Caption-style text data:
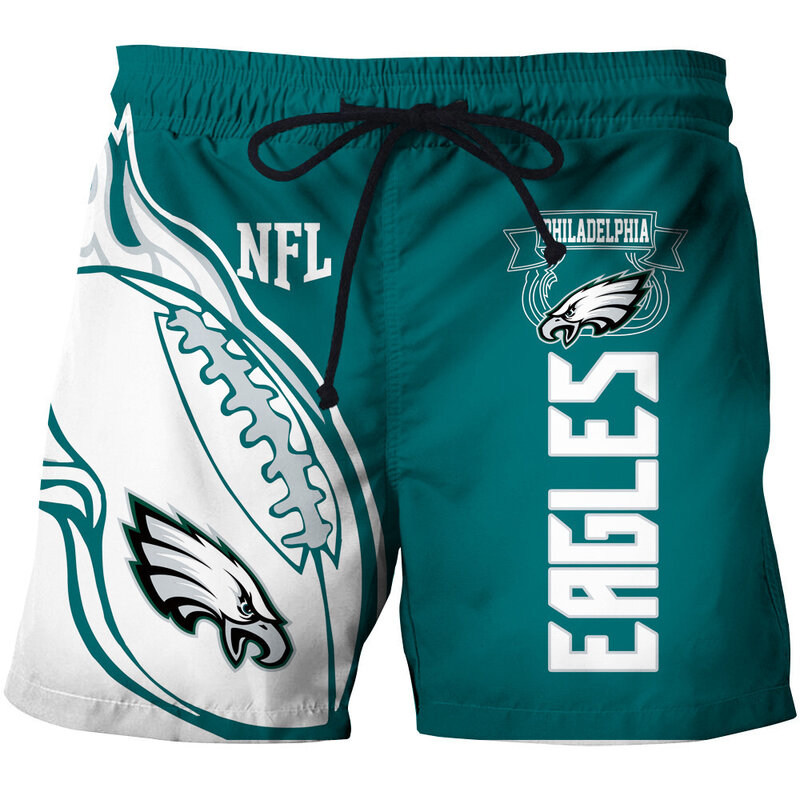 Fashion Philadelphia Eagles NFL Logo Team Workout Training Shorts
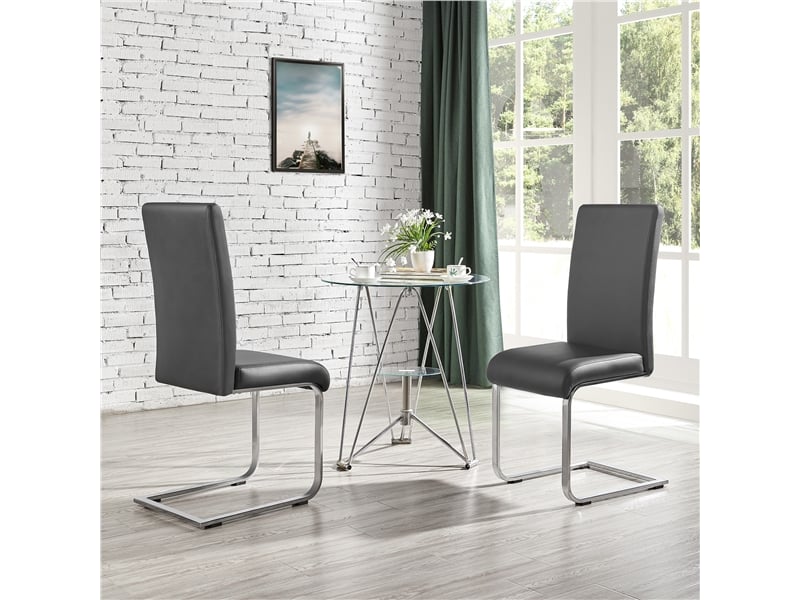 Yaheetech lot de 2 chaises de salle à manger en similicuir gris foncé - 1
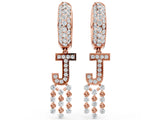 Rose gold Round Diamond Initial J Huggie Hoop Earrings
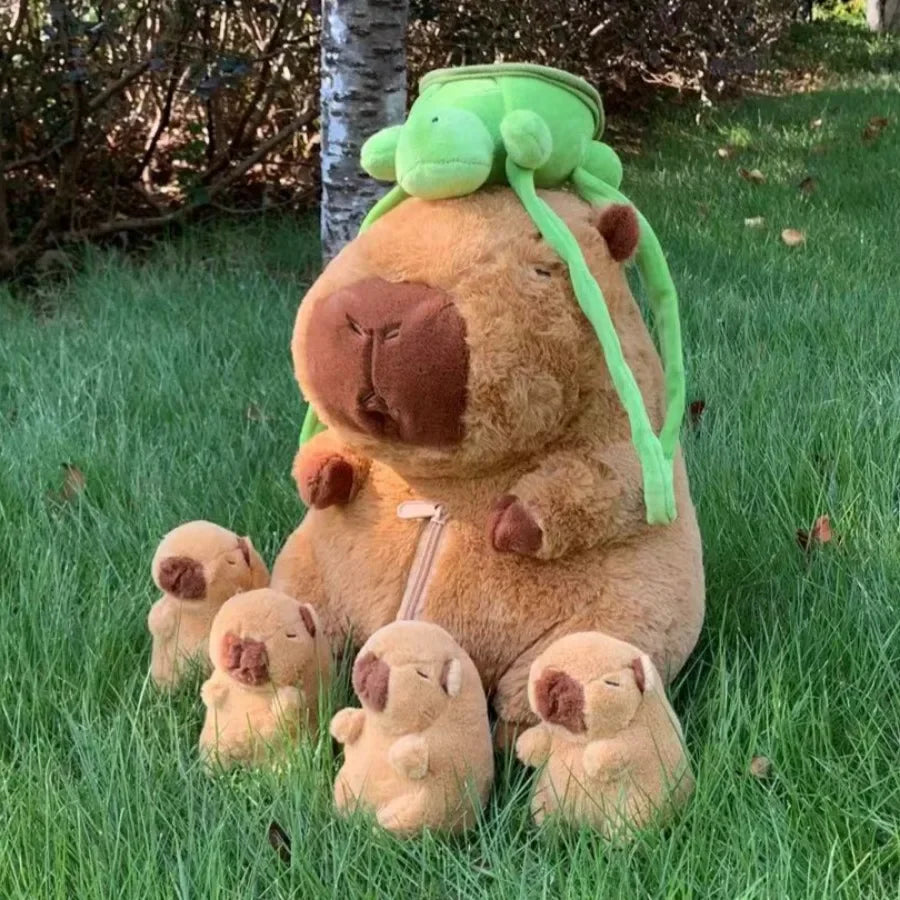 Capybara Family Plush Set – Large Capybara + 4 Small Capybara Soft Toys with Zipper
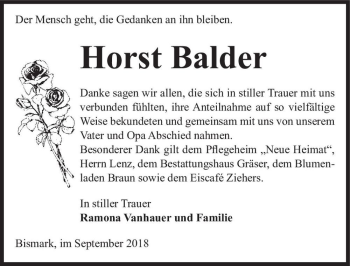 Traueranzeige von Horst Balder  von Magdeburger Volksstimme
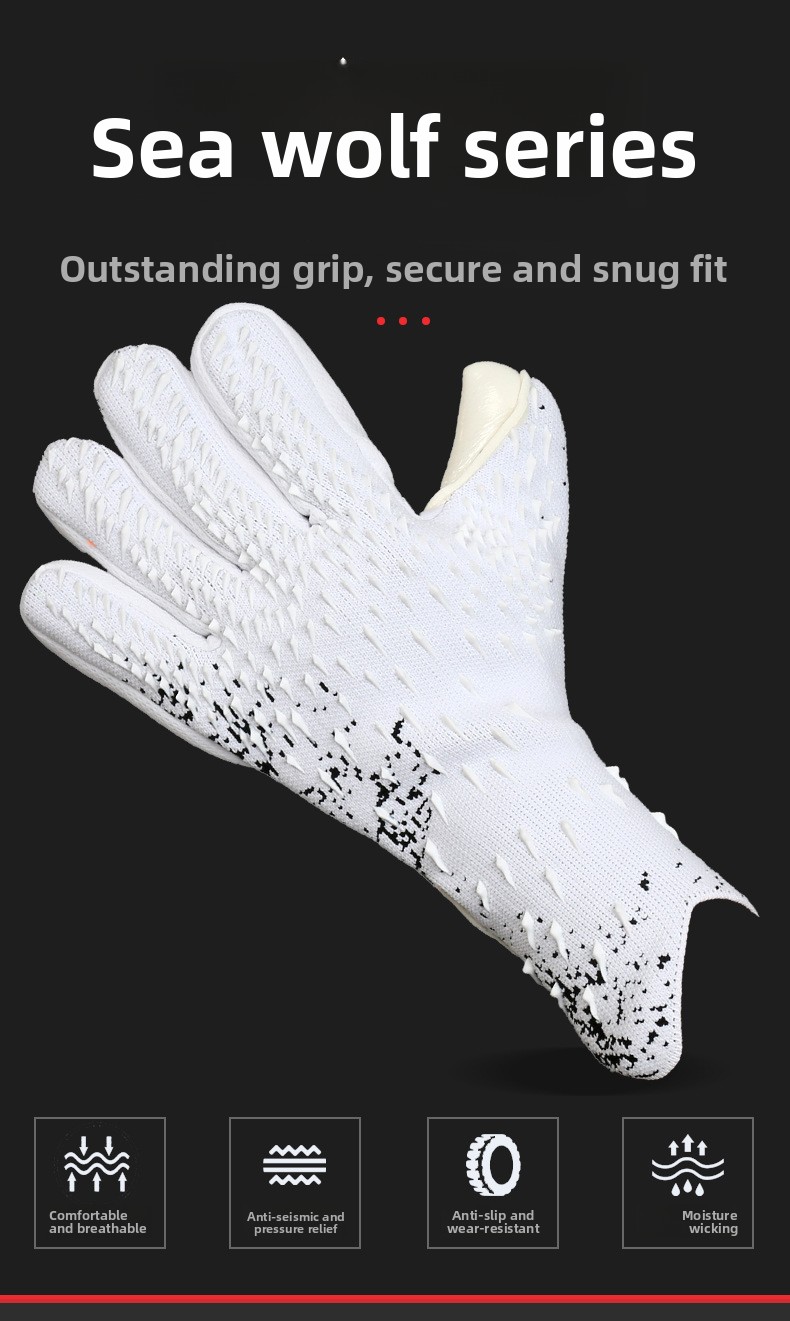 Sea Wolf Gloves Professional Football Goalkeeper Thickened Latex Anti Slip Special Full Set Of Children's Goalkeeper Gloves 2026 New Edition_voghion.com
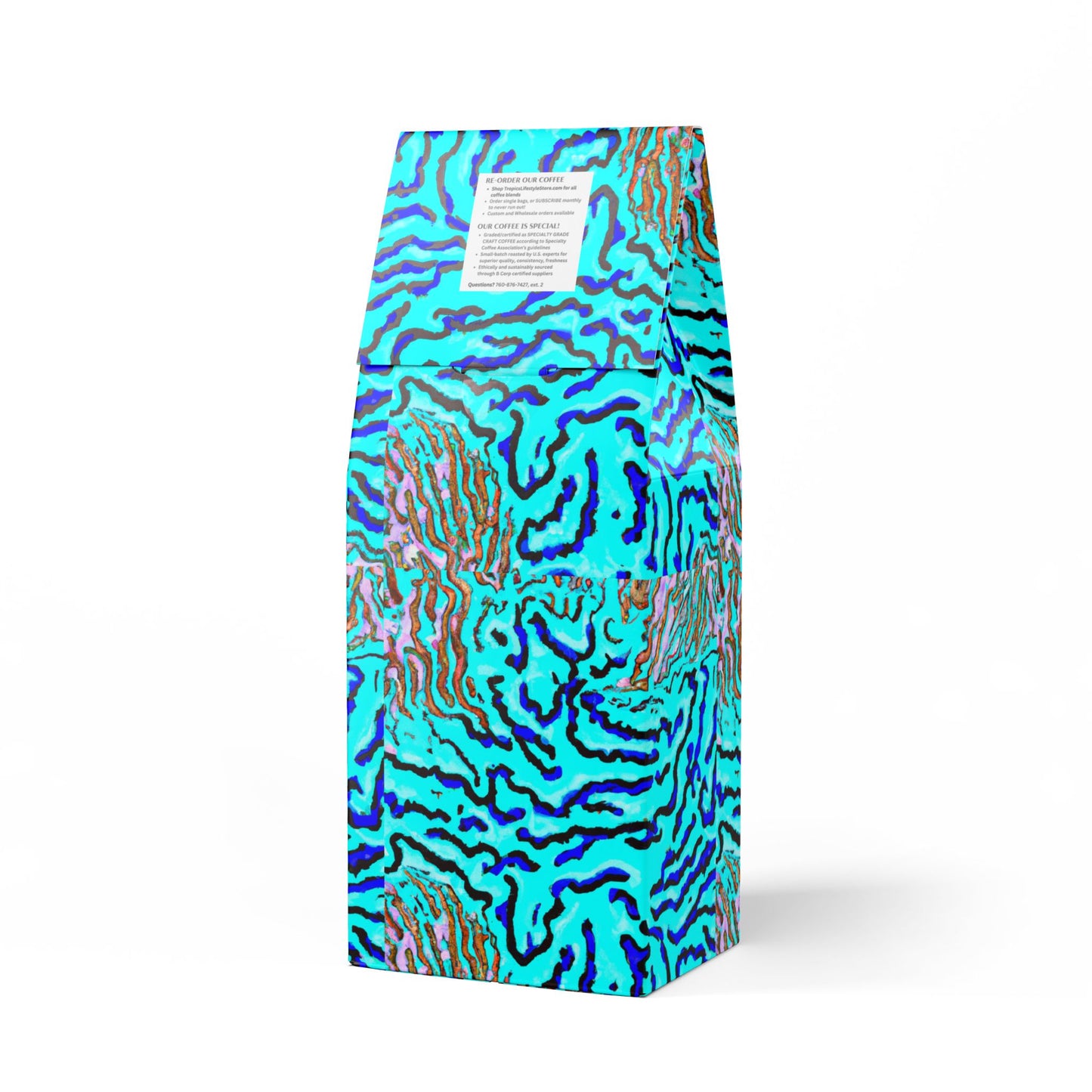 Beach Sunrise Blend™ (Light Roast) Specialty Grade Craft Coffee / Wild Coral Reef, Turquoise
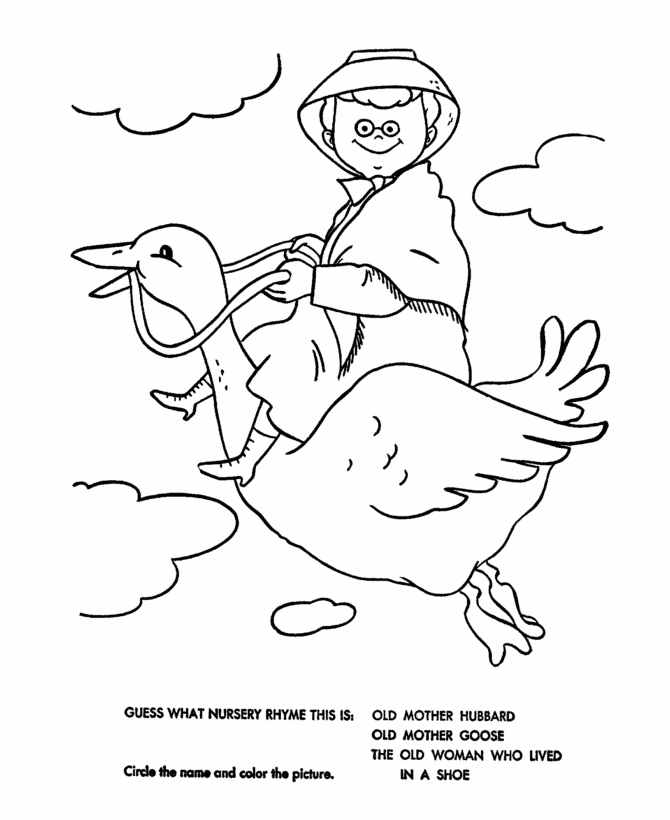 Nursery Rhymes Mother Goose Coloring Pages Old Mother Goose Quiz 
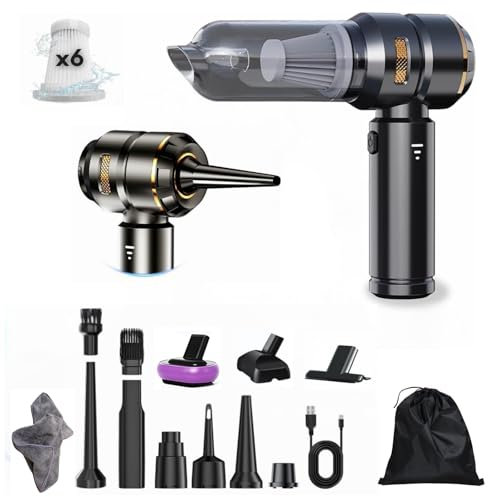 Brosstall Aspirador de Mano 4 en 1 Potente de 19.000PA, 6 Filtros Hepa, Mini Aspiradora Inalámbrica Portátil para Coche y Pelos de Perro, Pequeña Hogar, Sopladora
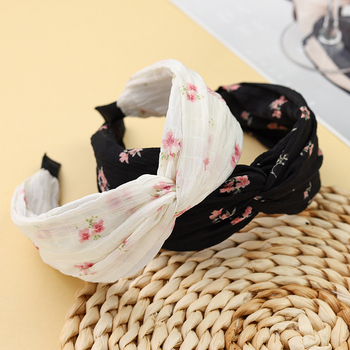 Fejpánt virágos keresztcsomóval, pasztorális stílusú, textil anyagból, kézzel készített, nőknek, ősz 2024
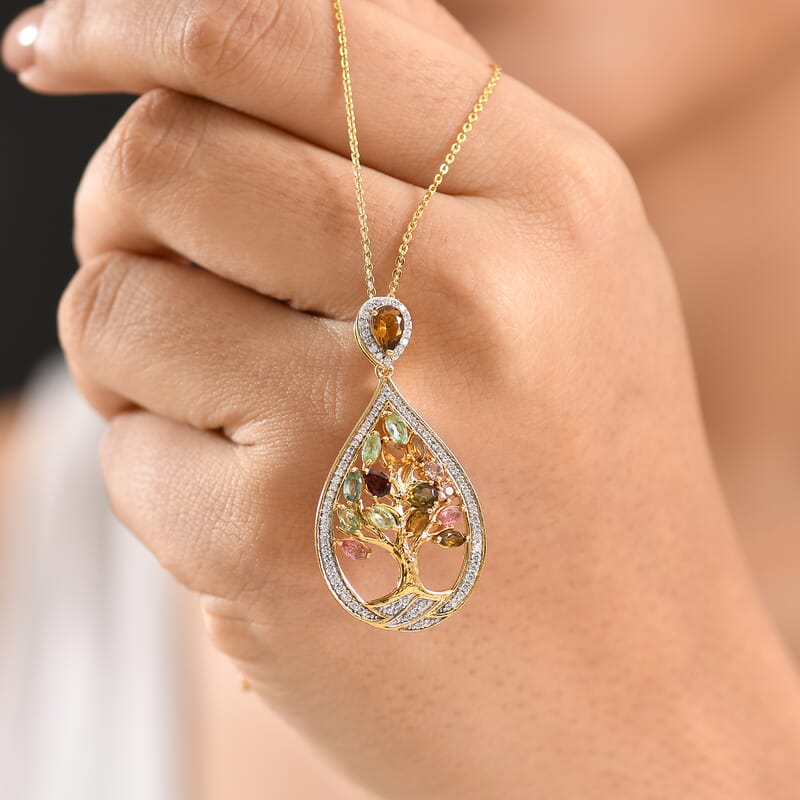 GP Italian Garden Collection Multi-Tourmaline and Multi Gemstone 2.50 cctw Tree of Life Pendant Necklace in 18K Vermeil Yellow Gold Over Sterling Silver 20 Inches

WHAT THIS TASK INVOLVES => Every line from the one containing "Rose gold Round" to the final line of the records must be transcribed exactly, both ends included, with the pictures left out.

RESULT =>
 Rose gold Round Diamond Initial J Huggie Hoop Earrings
 Capybara Family Plush Set – Large Capybara + 4 Small Capybara Soft Toys with Zipper
 Traueranzeige von Horst Balder  von Magdeburger Volksstimme
 Sea Wolf Gloves Professional Football Goalkeeper Thickened Latex Anti Slip Special Full Set Of Children's Goalkeeper Gloves 2026 New Edition_voghion.com
 Beach Sunrise Blend™ (Light Roast) Specialty Grade Craft Coffee / Wild Coral Reef, Turquoise
 Nursery Rhymes Mother Goose Coloring Pages Old Mother Goose Quiz 
 Brosstall Aspirador de Mano 4 en 1 Potente de 19.000PA, 6 Filtros Hepa, Mini Aspiradora Inalámbrica Portátil para Coche y Pelos de Perro, Pequeña Hogar, Sopladora
 Fejpánt virágos keresztcsomóval, pasztorális stílusú, textil anyagból, kézzel készített, nőknek, ősz 2024
 GP Italian Garden Collection Multi-Tourmaline and Multi Gemstone 2.50 cctw Tree of Life Pendant Necklace in 18K Vermeil Yellow Gold Over Sterling Silver 20 Inches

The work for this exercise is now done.